A meteorite sword is inherently cool, and Terry Pratchett knew it

Roll the phrase around your tongue with me: Starmetal sword. Star metal sword. The lost secret of the Damascus Steel might have been meteorites! Attila the Hun had such a sword, didn’t he? Or Excalibur was one, yes? Tutankhamun was definitely buried with one. Blue-eyed samurai‘s heroine has a star metal sword, and so does Sokka Avatar: The last airbenderand the Redwall series practically revolves around whoever wields Martin the Warrior’s meteor-forged sword.

Man, star metal swords are cool. Until you actually look them up in real life.

Would it surprise you to know that there is no material benefit that you can forge into a sword using metal from a meteorite? Um, probably not, you’re smart and skeptical, so you know that even though the iron-nickel alloys in meteorites clearly have different trace amounts of other elements than those found in Earth’s iron ore, none of those meteorite elements occur regularly in any form is found. quantities that would affect the properties of a counterfeit article.

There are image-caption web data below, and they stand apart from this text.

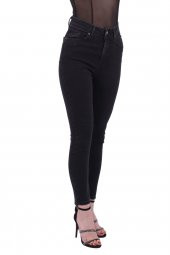 Dar Kalıplı ve Yüksek Belli Cepli Astarsız Kadın Kot Pantolon Skinny Jean Antrasit Denim Dört Mevsim - 6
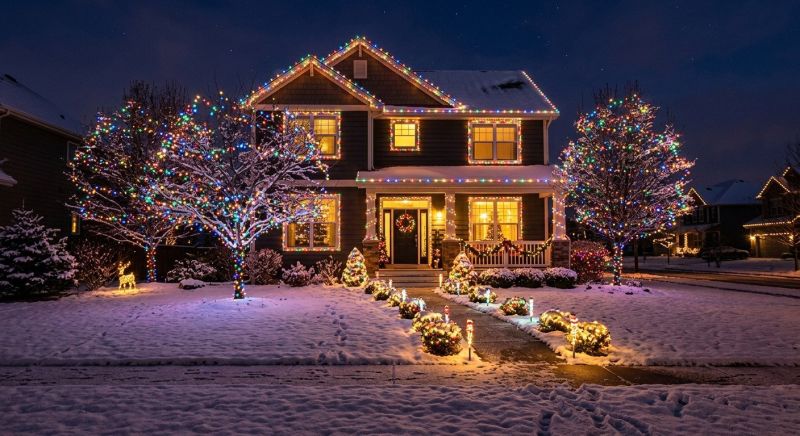 Holiday Lights Hanging in Olathe, KS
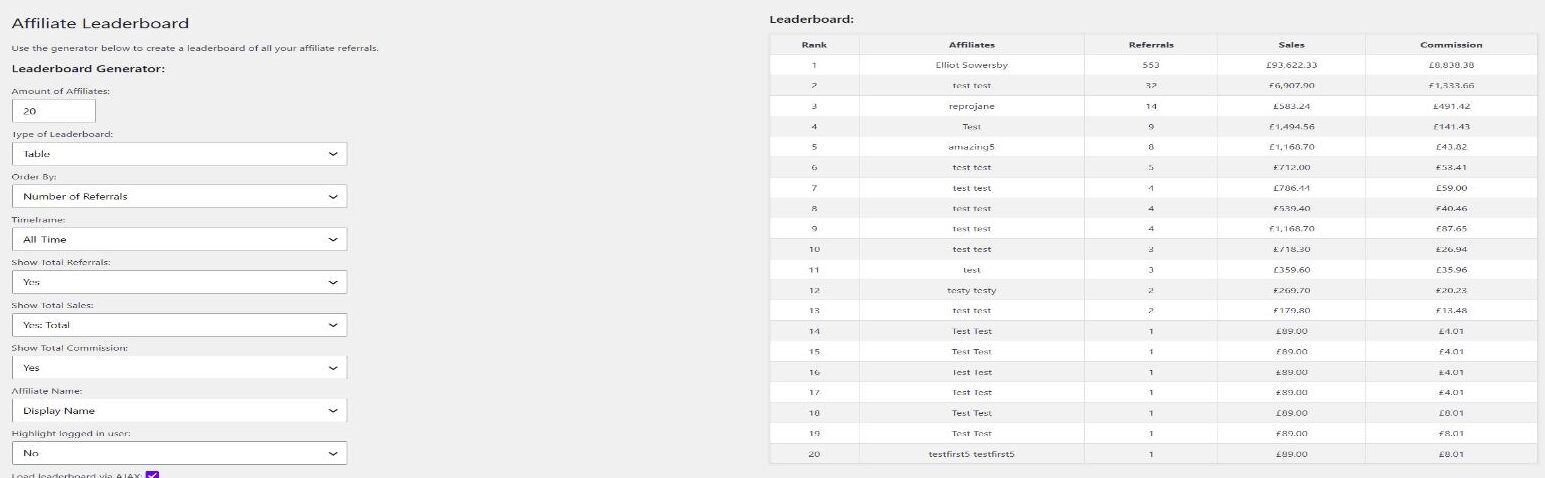 Affiliate Leaderboard generator in the admin area, showing all generator options alongside a generated leaderboard table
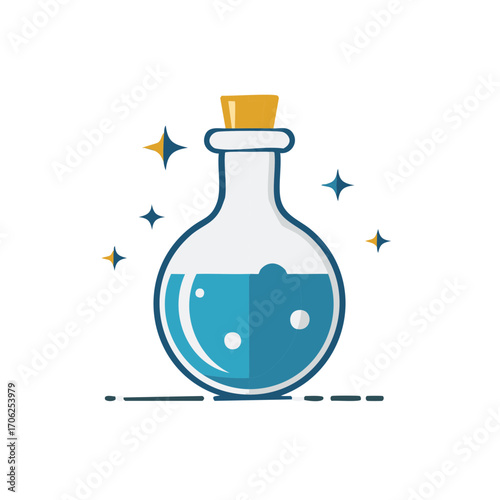 Fantasy Elixir Potion Bottle with Sparkling Magical Liquid for a Game or Spell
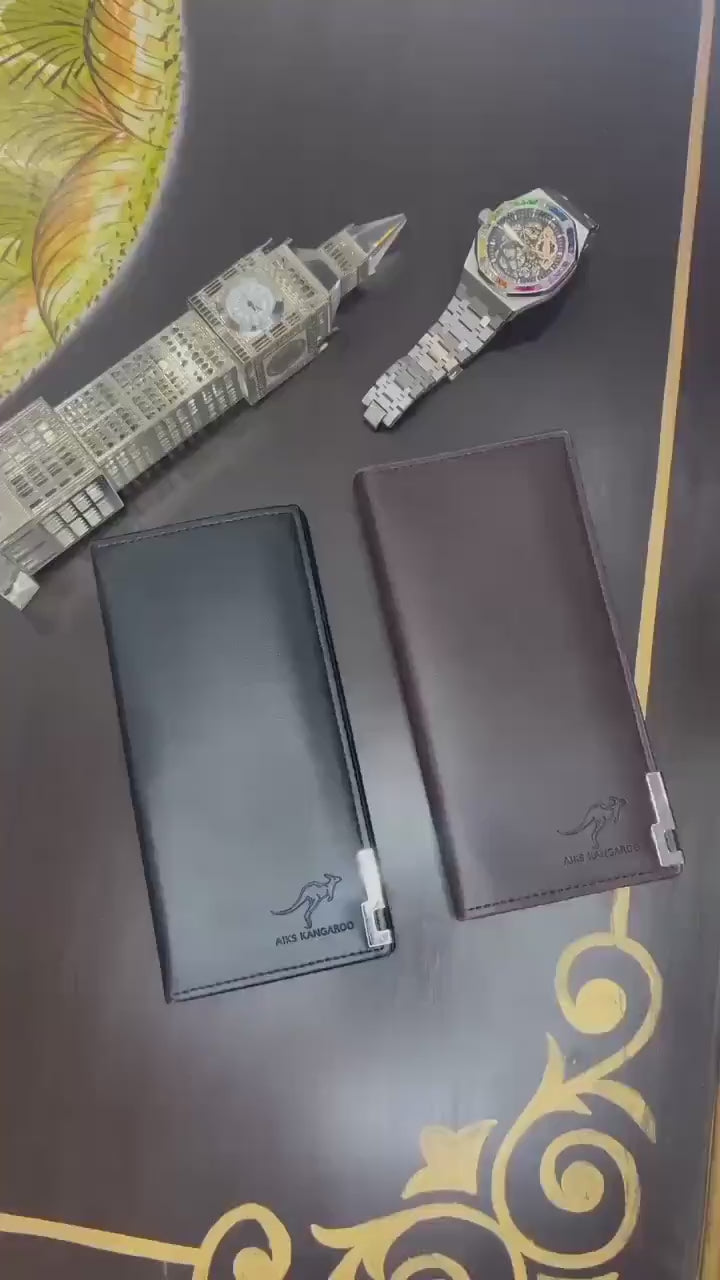 Men's Leather Bi-Fold Wallet Black Brown Slim Design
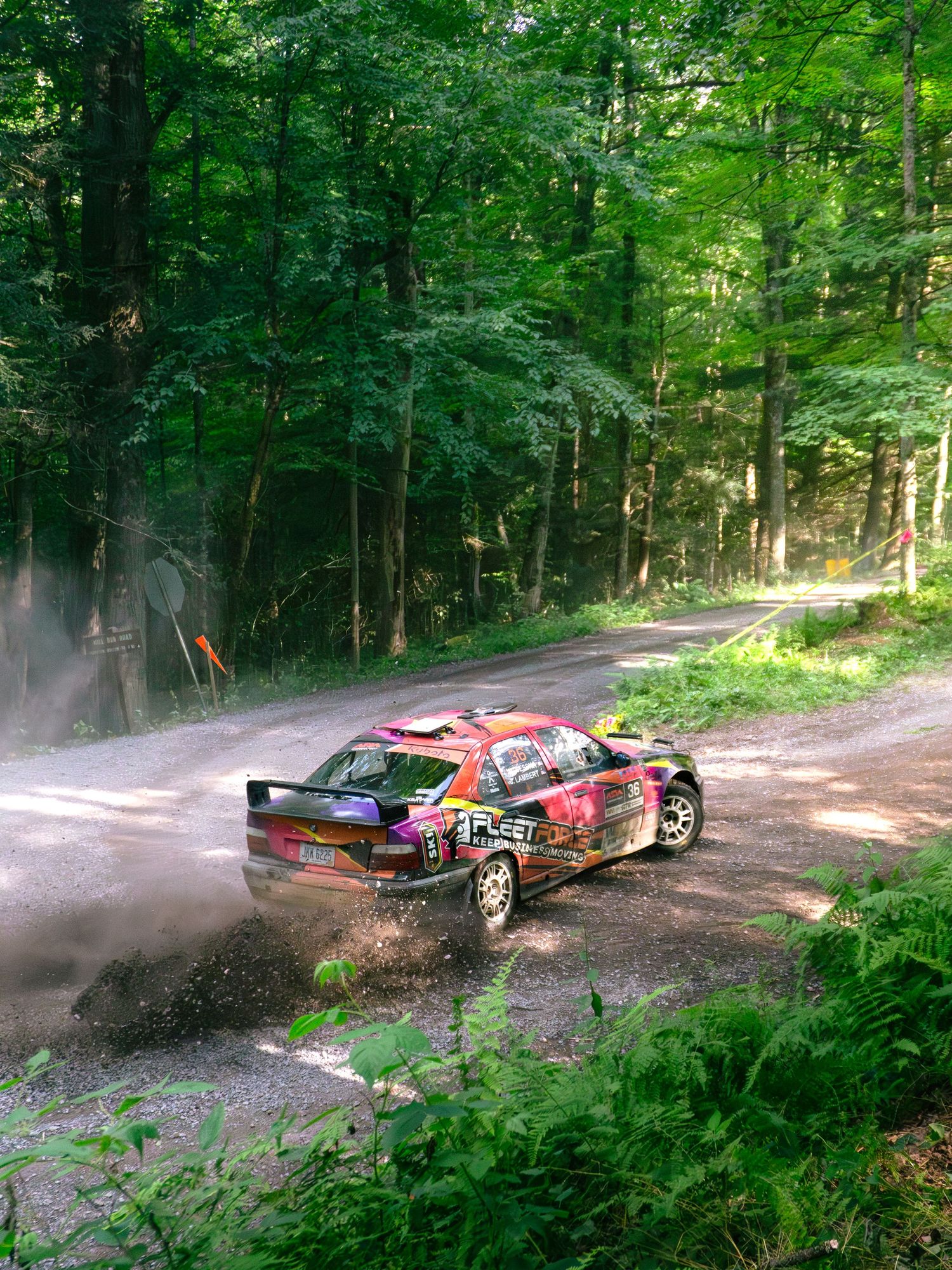 Mike Cessna and Jamie Lambert sliding through a hairpin during a stage at STPR in Wellsboro, PA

Tutankhamun’s meteorite dagger was exceptional in material, not in capabilities. Excalibur isn’t real. Attila’s ‘sword of Mars’ was folklore. We also developed some really solid ideas about how Damascus steel was made, none of which involve metal from space.

Starmetal swords are just normal swords.

But are they really?

Image: Troy Howell/Philomel Books

By Of course not. They are made with metal by room! And any list of star metal swords that were no sharper, harder or stronger than their earthly counterparts is also a list of human desire – desire to connect an earthly tool, and therefore its bearer, with the heavenly realm.

And you don’t even have to go as far away as heaven. The earliest known prehistoric iron objects are made of meteoric iron. Before we developed the techniques to process iron ore into useful metal, we were making things out of iron from space. A starmetal sword doesn’t have to connect you to the sky if it can connect you to the origins of ironworking on this planet.

The star metal sword is the heart of fantasy fiction

Sir Terry Pratchett displays his knighthood award outside Buckingham Palace.

Photo: Ian Nicholson/AFP via Getty Images

And no one knew that better than satirist Terry Pratchett. After being knighted in 2009, Sir Terry told the Guardian, “You can’t ask a fantasy writer not to want a knighthood. You know, for two pins I’d buy a horse and a sword.’

A year later, he did just that (OK, not the horse part). He collected iron ore from surface deposits near his home in England, melted and hammered it into bars using a handmade clay forge, and delivered the bars to a blacksmith to have them fashioned into his own sword, finished with silver. And he also threw pieces of meteorite into the fire of that forge, tellingly News.com.au“Lightning bolt iron, you see – very magical, you have to throw that stuff in whether you believe in it or not.”

In one of the most famous passages Pratchett ever wrote, he gave his opinion on the value of casual faith. In his characteristically silly and profound, satiristic way, a scene in the novel High father shows the figure of the Grim Reaper telling his adopted granddaughter that people should believe in little things without hard evidence, like Santa Claus – and swords made of stars.

They had to, so they could believe in the big things without hard evidence, like justice and hope.

So if you think it’s all the same, I’ll continue to believe that starmetal swords are cool. Terry Pratchett thought so.